Someone has to want to play tomorrow.


----------



## yathnk99

Skibum......would love to.....but have to work....husbands out on the jefferson today....gonna see how that is....we are thinking next weekend sometime.......depends on where the weather is good


----------



## MountainMedic

i'm off next weekend as well. looking to meet some like minded folks.


----------



## skibuminwyo

How would you guys feel about a Blackfoot run? We did the bridge down to Angevine, I probably wouldn't go that far again, probably take out at Johnrund, since that was our original plan. Would you two maybe feel like that, next weekend of course.


----------



## MountainMedic

I'd be up for that.


----------



## yathnk99

Personally I have never done the Blackfoot....so where we talking (putting in and taking out points)?? We normally stick with the Big Hole and Jefferson Rivers.....I know boring but yet good fishing


----------



## MountainMedic

I was there on sunday, saw a few folks puttin in w/poles @ the bridge. haven't run that section yet, so ita all theoretical for me at this point. it was about 90 minutes from helena, so add another hour on that from butte i'd guess.


----------



## skibuminwyo

yathink, there is a pm waiting for you.


----------



## yathnk99

skibuminwyo....I got my pm from mountainmedic but not from you???


----------



## yathnk99

For those interested....anyone welcome....planning a float trip on the big hole river....may 15th and 16th....weather permitting......pm me if interested......


----------



## caspermike

so since there isnt an official montana forum i Casparmike proclaim this forum as thee oficiall supremeee o primee! sorry im incoherent i dont work this night job shit to great... so 3 full days of light to kayak sooo lets goo freeze testes on a run somewhere and get ere done.. lets go...be waking up in aproximately 5 hours so im decently worth a shit and somebody better want to go kayaking, rafting, boating, drinking and kayaking or cut some wood out of a creek or hike a creek or do something other than be a bozangilinio. peace buzzards


----------



## mttodd

Weathers all fkd up down here.

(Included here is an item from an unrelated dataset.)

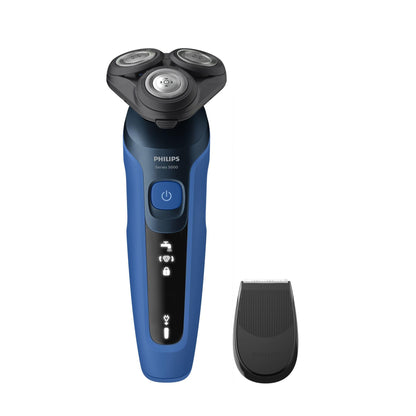 Máquina de Barbear Philips Série 5000 / S5466/17 preto, azul Standard - imagem 5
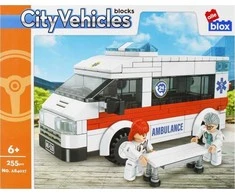 ALLEBLOX Kaladėlės KONSTR ALLEBLOX CITY 255EL 34X27X6 AMBUL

Everyone bailed on the locksa. Trucks all packed and nowhere to go. Been up since 3am drinking coffee waitng to hit the road. Got kicked in the balls. Ain't that a sad sight.


----------



## MountainMedic

well.... weather is still sposed to be crappy, but less so, on Sunday. We were talking about the blackfoot this weekend. next weekend aint lookin much better right now, so might as well bite bullet & make sure all that fancy dry gear really works.

anyone interested still?


----------



## yathnk99

Mountain keep me posted.....can't next weekend.....but still lookin good for following weekend! Mttodd....that's sucks.....this snow can be a killer


----------



## jkodadek

You all should quit bitching about the weather. This is EXACTLY what we needed right now. 4" SWE and 26" of snow at Stuart Peak in the last three days...this is good, people.


----------



## MountainMedic

yathnk99 said:


> Mountain keep me posted.....can't next weekend.....but still lookin good for following weekend! Mttodd....that's sucks.....this snow can be a killer


yeah... excited about big hole! pm me when you you have a plan put together.


----------



## caspermike

hell yeah this is good 2 feet of super wet is exactly what we needed.. shit will be going sooon so any creeekers want to get out and rolling before big t starts flowing... todd want to hit alberton gorge? missoula? ill throw down some cash for gas....


----------



## caspermike

quake lake tomarrow anybody? ill probbaly be heading over with the fiance for a lap or 2 hit me up if any of you want to join in,


----------



## mttodd

Didn't mean to sound ungrateful for the much needed moisture, just bummed about the lack of bodies to split the gas with. Mountain, never ran the blackfoot, what kind of ride is it? Might be in if there are some good times to be had. Mike, not going to unload the truck, will be headed to Idaho next week. Hell or Highwater. It'll be more fun than alb gorge anyway, let me know if you want to catch a ride.


----------



## caspermike

todd i think that will be a good idea man. and i should have a paycheck by then. anyways 50 degrees and rain is on the forcast who want to go slide on rocks?


----------



## lhowemt

About froze my ass off Saturday, did a 20 mile stretch on the Lochsa, rain, clouds, wind, brrrr. Colder than any winter boating I did, but the winter boating was mostly dry. That's spring on the Lochsa. I almost went home Saturday night, but toughed it out and Sunday was much nicer, or maybe I just dressed warmer. 3 days of cold boating and camping, and home sure felt nice.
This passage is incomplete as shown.